I love that message on the bag   congrats!


----------



## Throwawaytheusername

I have a snapshot in silver and I love the look of it and the comfort of the wide strap. However the bag is so rigid that the zip openings scrape my hand  also I swear it holds less than a woc because of it being in two compartments. So annoying to use


----------



## crazybagfan

I need help here. I have a large snapshot bag which has handle on top. I love my bag color, I like the size too. But since the leather is very rigid everytime I access my bag I feel my fingers are badly scratched by the zipper. I feel the pain and can last for few hours. Due to this reason I seldom carry the bag and thinking to let go the bag. Any solution I can try to solve this issue? Anyone with me for the same issue? TIA


----------



## Keisonrocks

These Marc Jacobs bags have my absolute favorite straps. I am totally loving the thick guitar style straps and MJ kills those! I wish more designers incorporated thick straps like his.


----------



## esdderxD

I know that The Snapshot Bag has been around for years but this is my first one! I usually purchase bags in neutral colors so I initially passed on this bag, but I couldn't stop thinking about it!


----------



## JenJBS

esdderxD said:


> I know that The Snapshot Bag has been around for years but this is my first one! I usually purchase bags in neutral colors so I initially passed on this bag, but I couldn't stop thinking about it!
> 
> View attachment 5218036
> View attachment 5218037



Such pretty colors!


----------



## esdderxD

JenJBS said:


> Such pretty colors!



Thank you! It'll be a (fun) challenge to figure out which outfits will work with it


----------



## matchaormocha

esdderxD said:


> I know that The Snapshot Bag has been around for years but this is my first one! I usually purchase bags in neutral colors so I initially passed on this bag, but I couldn't stop thinking about it!



This is so cute!  Same here...I usually wear neutral colors but I have been craving something different and a fun color in a smaller size I think is the way to go!


----------



## esdderxD

matchaormocha said:


> This is so cute!  Same here...I usually wear neutral colors but I have been craving something different and a fun color in a smaller size I think is the way to go!



Thank you!
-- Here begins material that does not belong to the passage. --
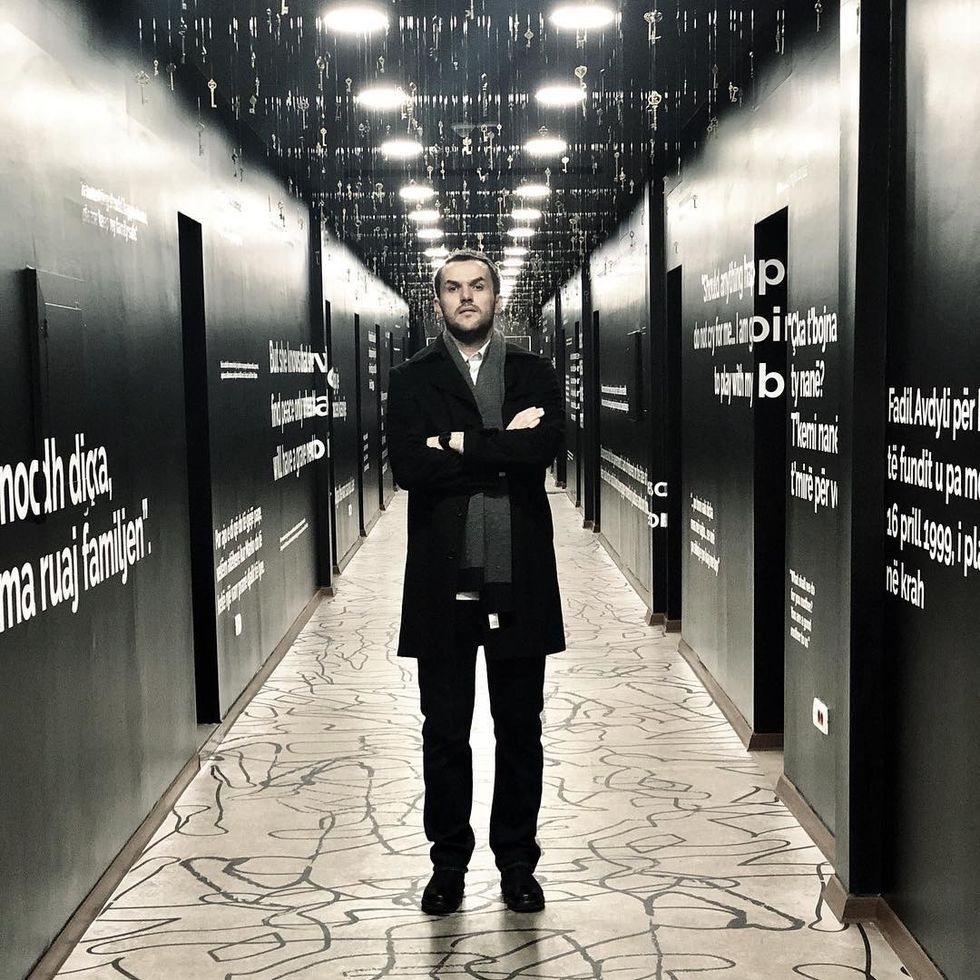 gigi koliqi 51140478 606763743103923 7937727213009607890 n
I totally agree that fun colors in smaller sizes work especially well!


----------



## DiJe40

I bought this lovely Snoopy snapshot in the sale today, fell instantly in love. How cute is this bag, I just have to downsize my stuff. Only phone, thin purse and keys.


----------



## PlaneJaneWithATwist

I'm in love with my new snapshot in the colorway Cement Multi


----------



## Keisonrocks

I just got the Moto Shot 21 in black leather and I love it! I purchased a thick fabric strap to use with it and so far I'm super happy!


----------